**RECORDS FOR THIS TASK:**
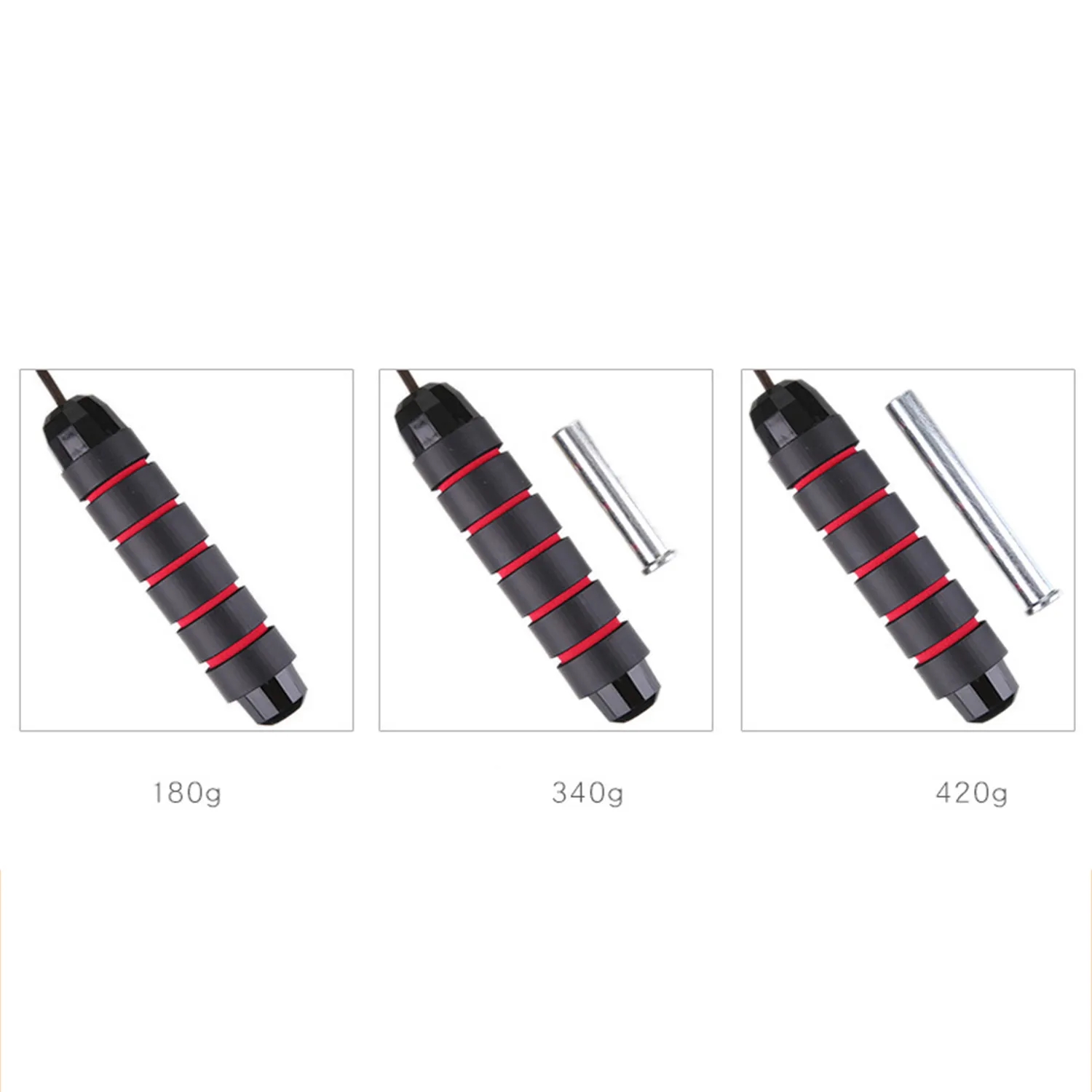 Adjustable Skipping/Jump Rope 4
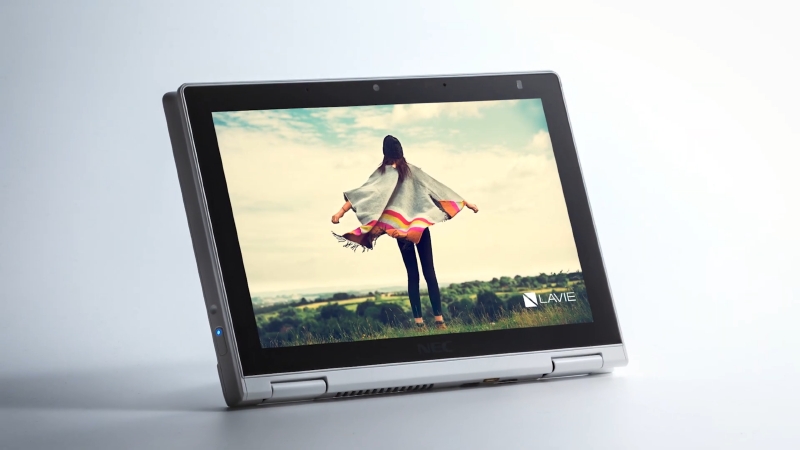 タブレットモード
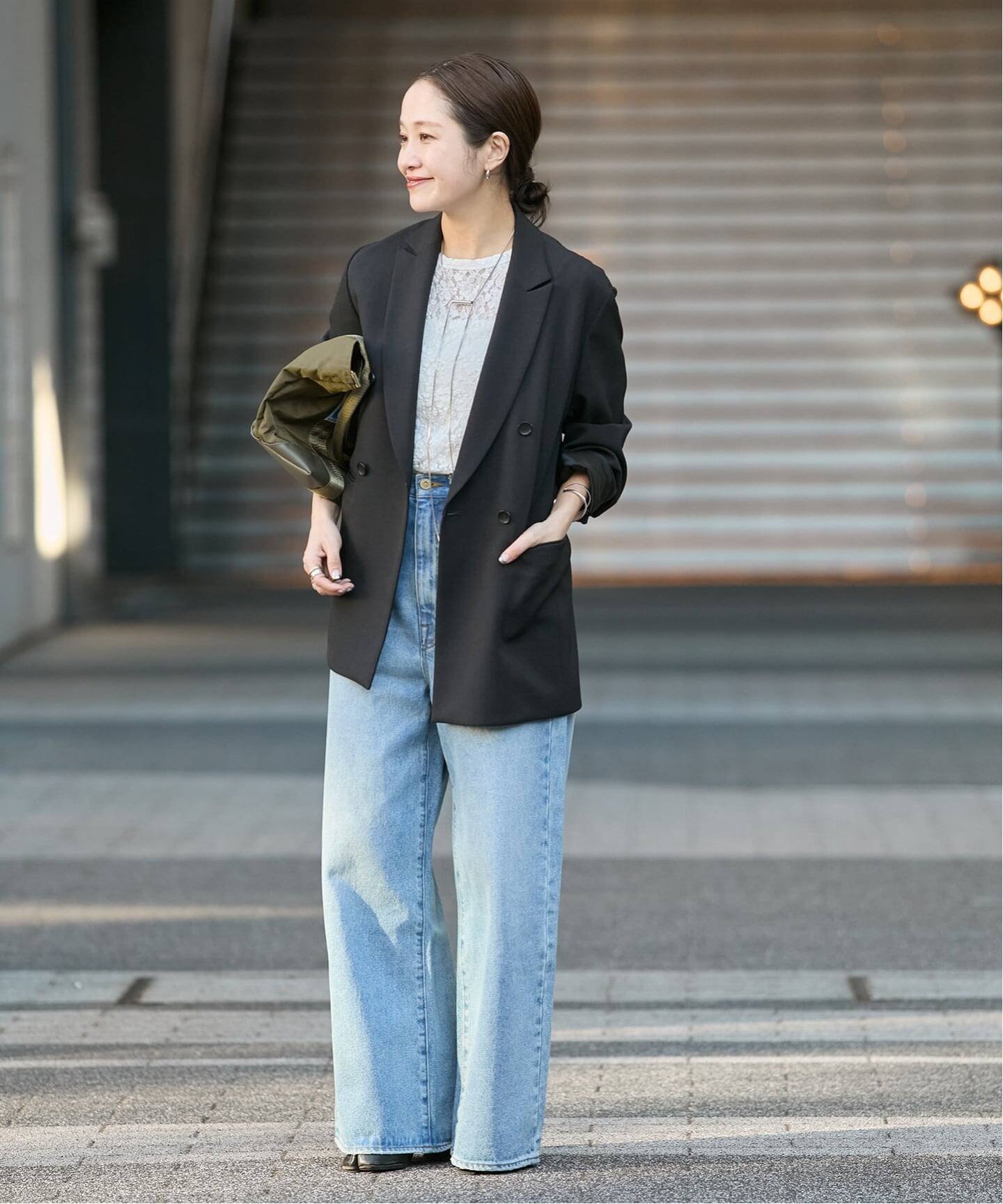 JOURNAL STANDARD｜《追加》ライクストレッチジャケット | Rakuten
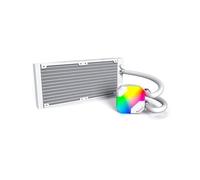 Montech Hyperflow 240 ARGB | Refrigeración Líquida Blanca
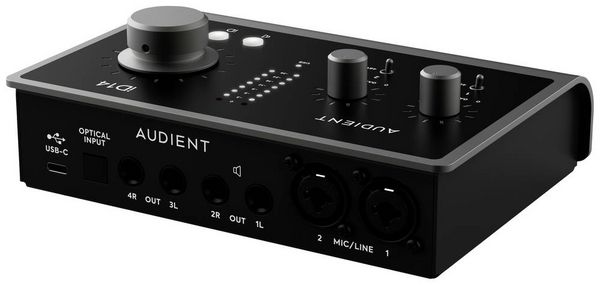 Produktbild: Audient Audio Interface iD14 (MKII)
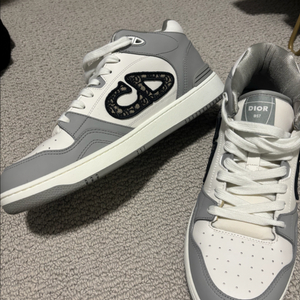 디올 오블리크 스니커즈 280 새거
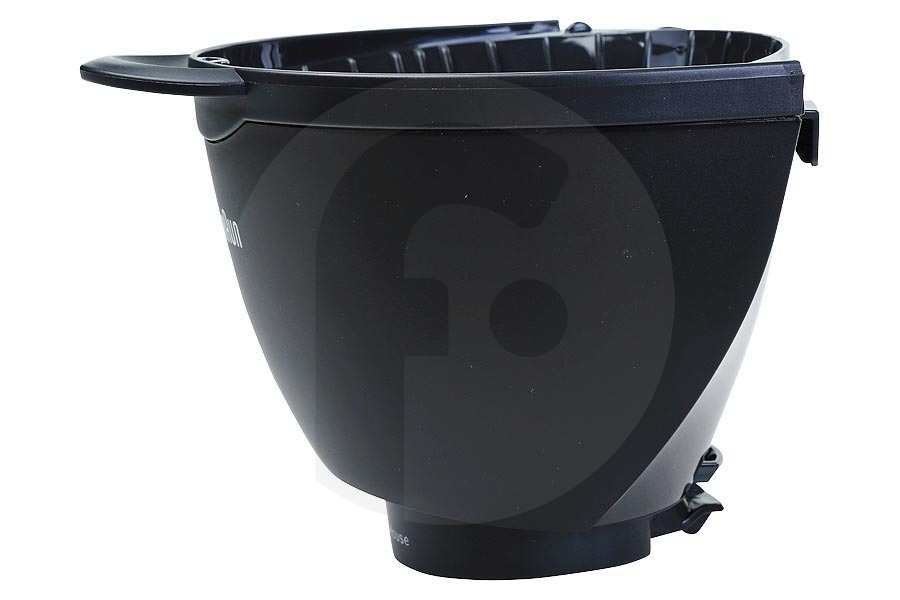 Braun Macchina del caffè Braun portafiltro (cestello portafiltro) nero macchina del caffe AS00000002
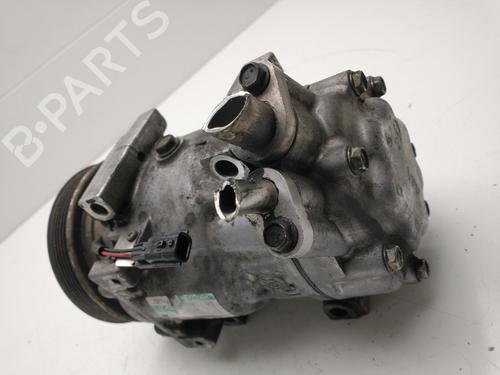 AC compressor NISSAN QASHQAI II (J11, J11_)  | BP30636836M34 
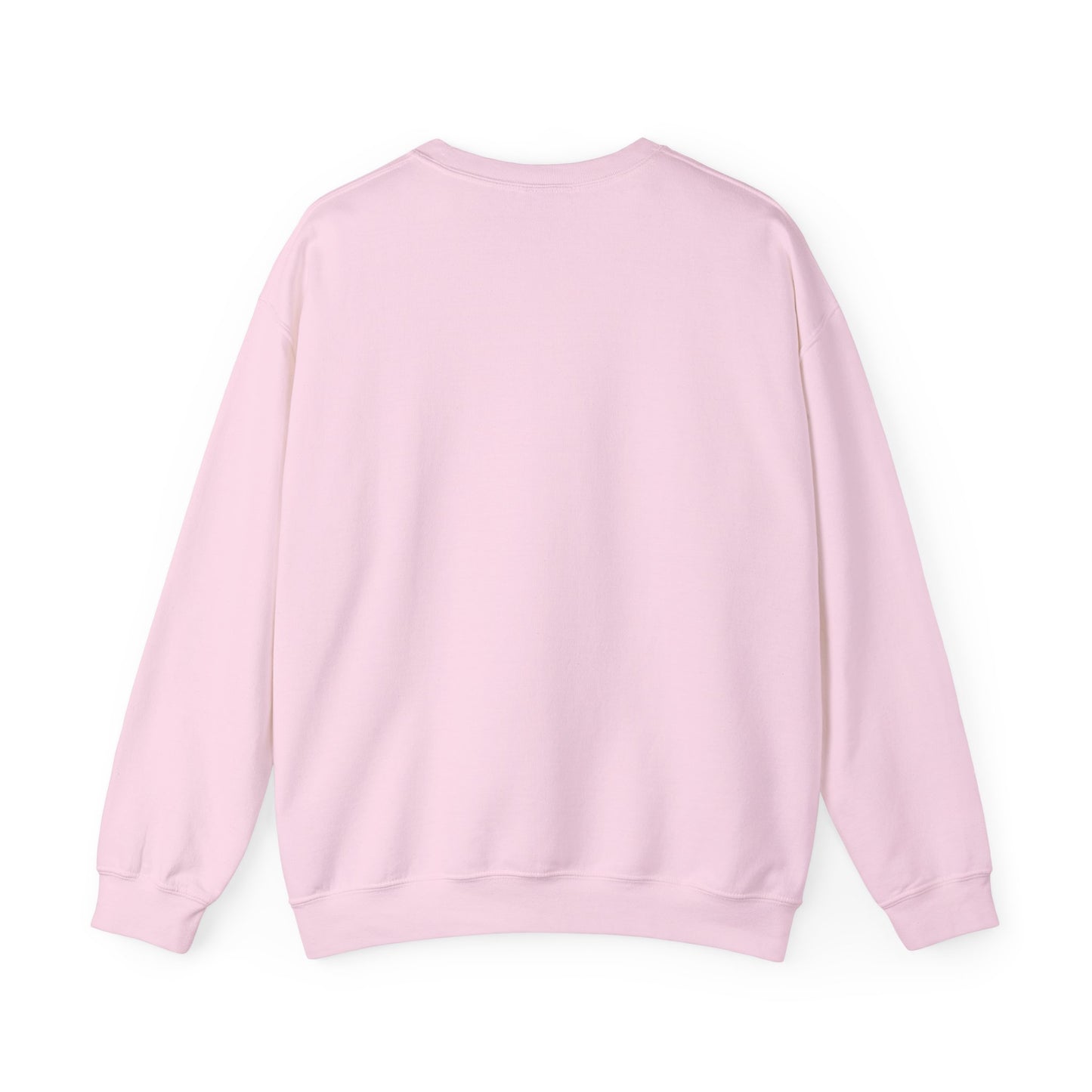 Crewneck Sweatshirt — “My Mind Has Already Won” Inspirational Quote Pullover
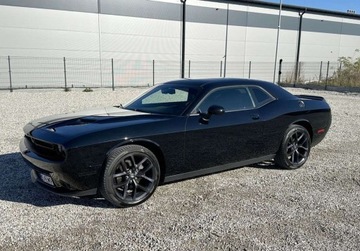 Dodge Challenger III 2021 Dodge Challenger 3.6 BENZ 305 KM 61.000 km 3.6 Benzyna 305KM, zdjęcie 9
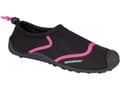 Miniatyrbild 2 av 2: Waimea Vattenskor Waimea® Wave Rider, svart/rosa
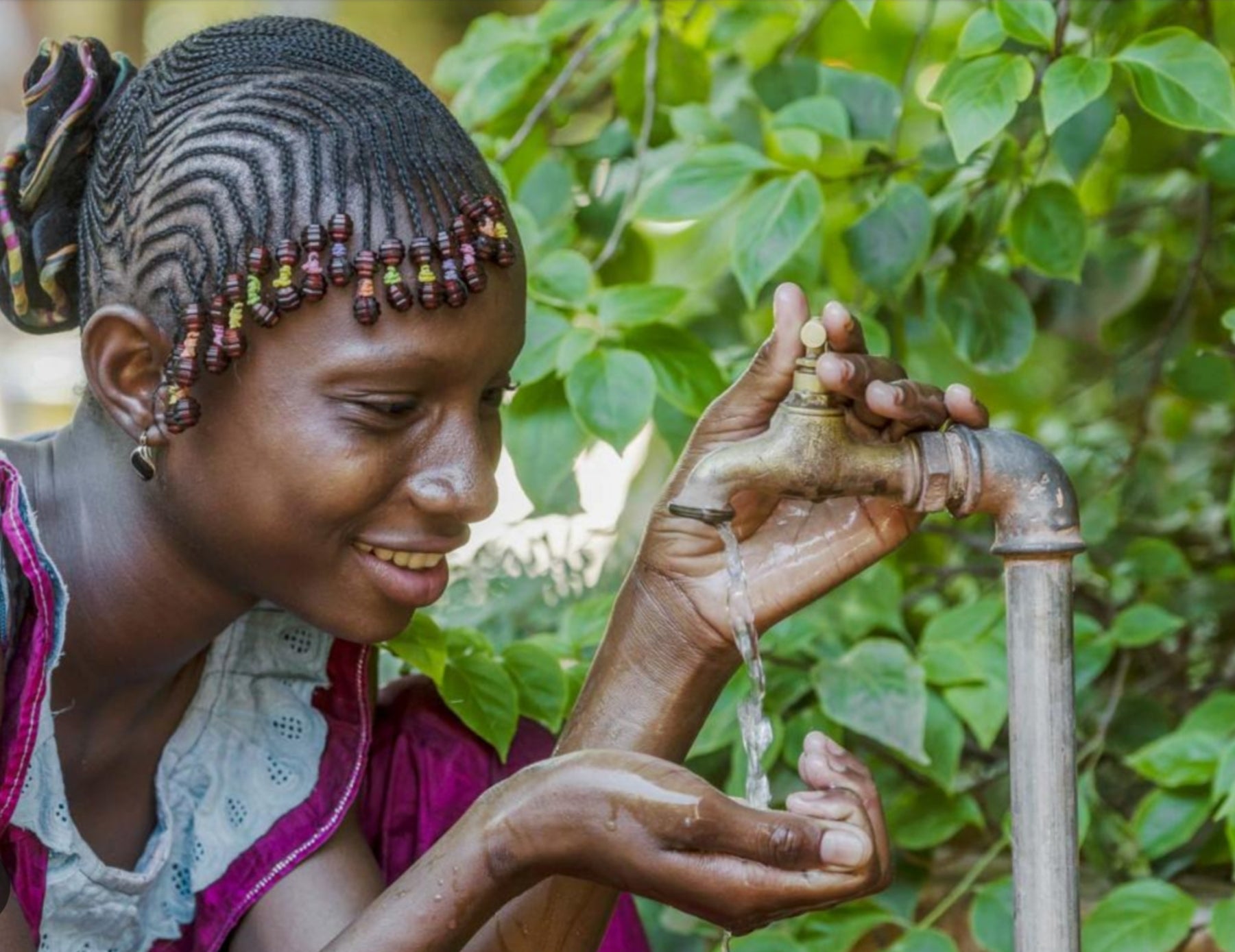 L’Afrique face au defi climatique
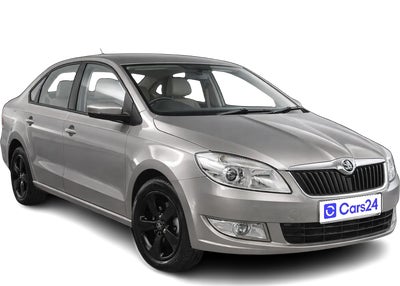 2015 Skoda Rapid - Sedan - Diesel - Manual - ₹2.00 lakh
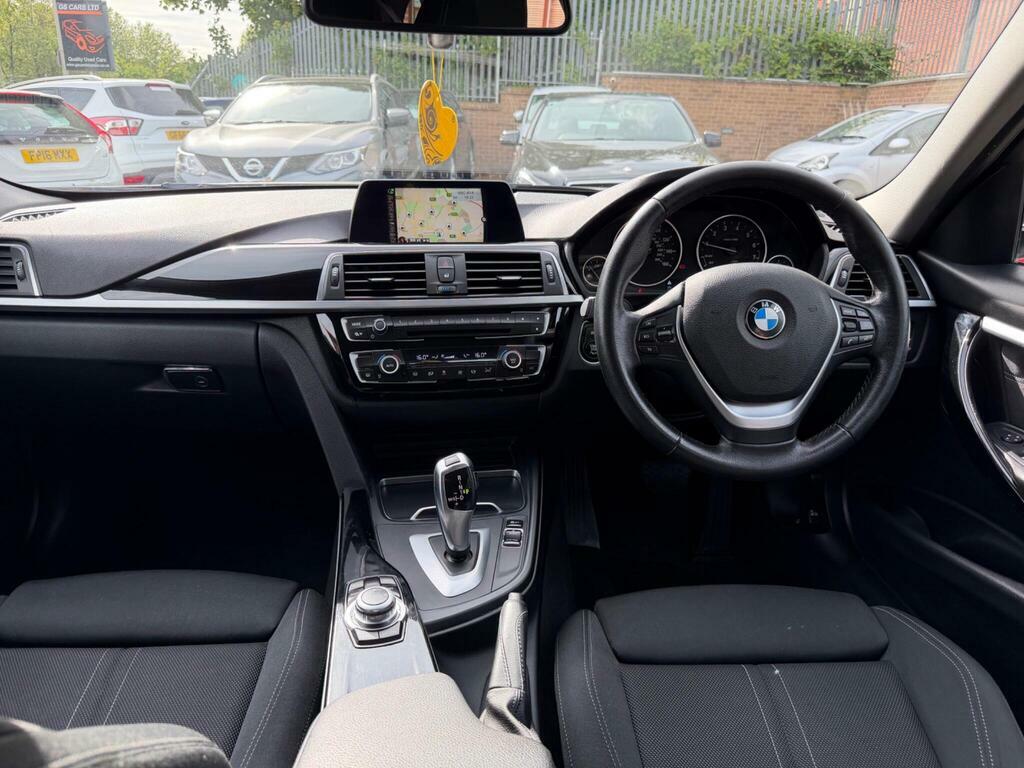 BMW 3 Series 1.5 318I Sport Touring Euro 6 S S Silver #4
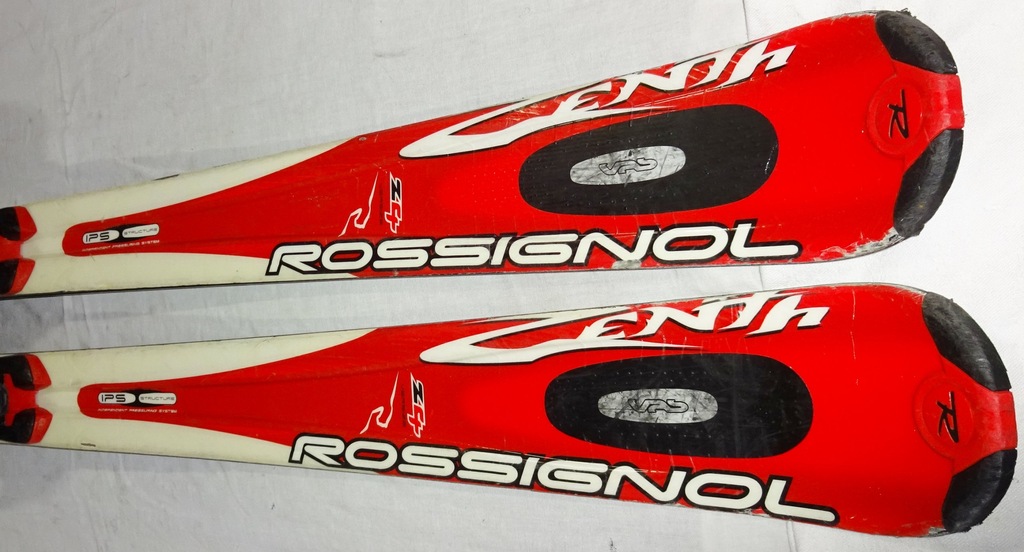 Rossignol zenith clearance z4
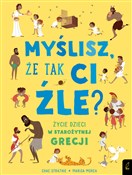 Polska książka : Myślisz że... - Chae Strathie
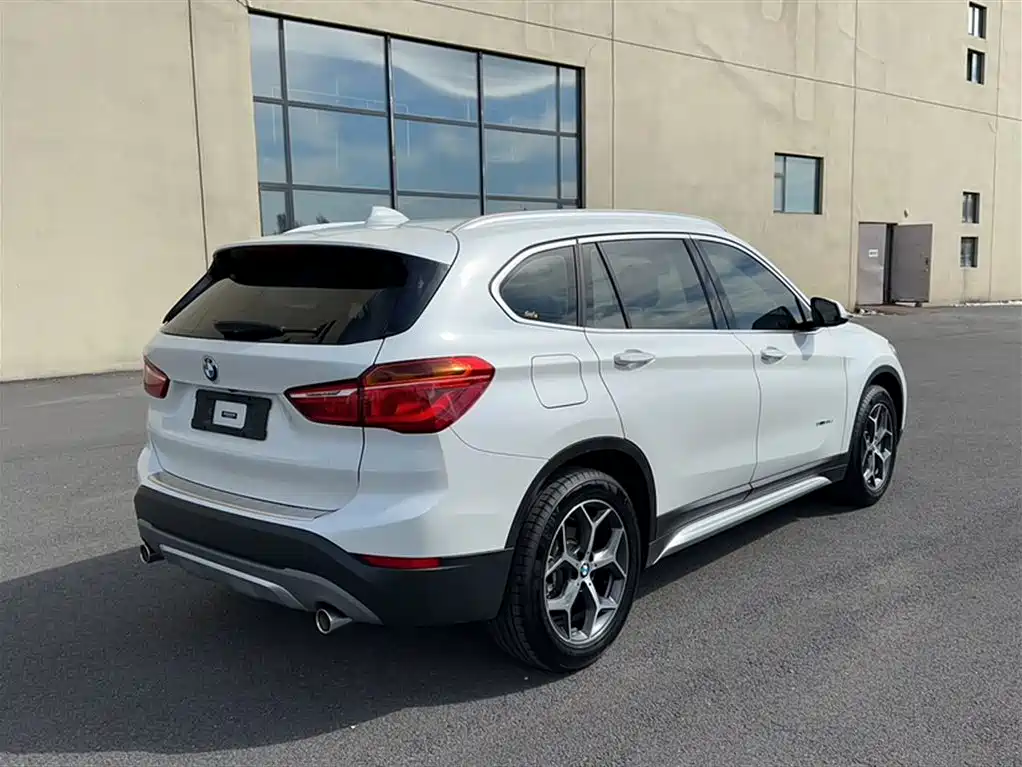 BMW X1 2016 sDrive20Li Luxury Model фото 9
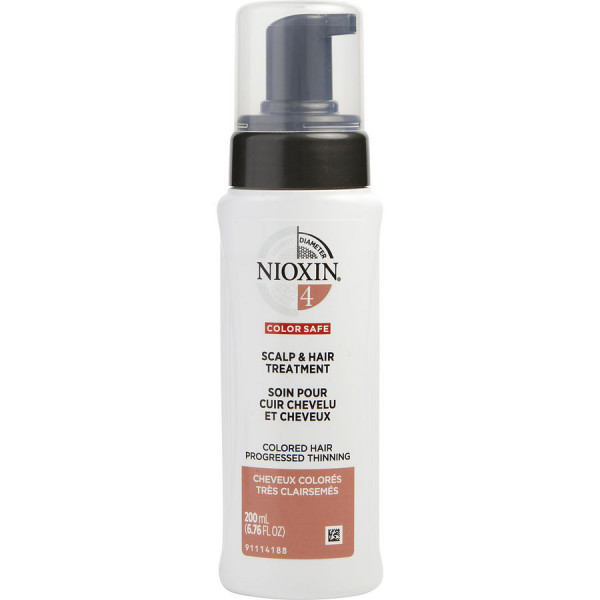 Soin pour cuir chevelu et Cheveux Nioxin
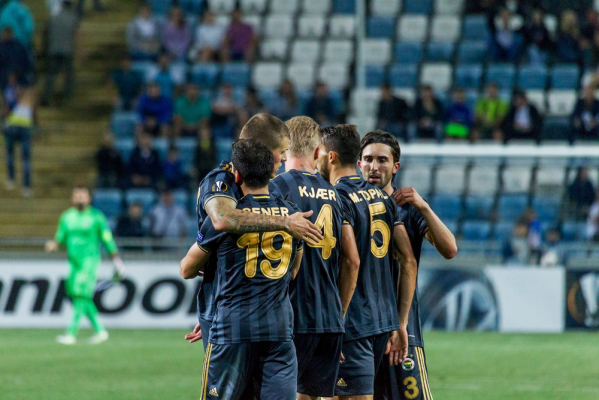 Trzecie zwycięstwo Fenerbahce w Lidze Europy Trzecie zwycięstwo Fenerbahce w Lidze Europy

**ASSIGNMENT:**
The required result is the entries above, printed exactly from the first line through the line with "Rossignol zenith clearance z4", pictures excluded.

**RESPONSE BELOW:**
 Adjustable Skipping/Jump Rope 4
 タブレットモード
 JOURNAL STANDARD｜《追加》ライクストレッチジャケット | Rakuten
 Montech Hyperflow 240 ARGB | Refrigeración Líquida Blanca
 Produktbild: Audient Audio Interface iD14 (MKII)
 디올 오블리크 스니커즈 280 새거
 Braun Macchina del caffè Braun portafiltro (cestello portafiltro) nero macchina del caffe AS00000002
 AC compressor NISSAN QASHQAI II (J11, J11_)  | BP30636836M34 
 Crewneck Sweatshirt — “My Mind Has Already Won” Inspirational Quote Pullover
 Dodge Challenger III 2021 Dodge Challenger 3.6 BENZ 305 KM 61.000 km 3.6 Benzyna 305KM, zdjęcie 9
 Miniatyrbild 2 av 2: Waimea Vattenskor Waimea® Wave Rider, svart/rosa
 L’Afrique face au defi climatique
 2015 Skoda Rapid - Sedan - Diesel - Manual - ₹2.00 lakh
 BMW 3 Series 1.5 318I Sport Touring Euro 6 S S Silver #4
 Rossignol zenith clearance z4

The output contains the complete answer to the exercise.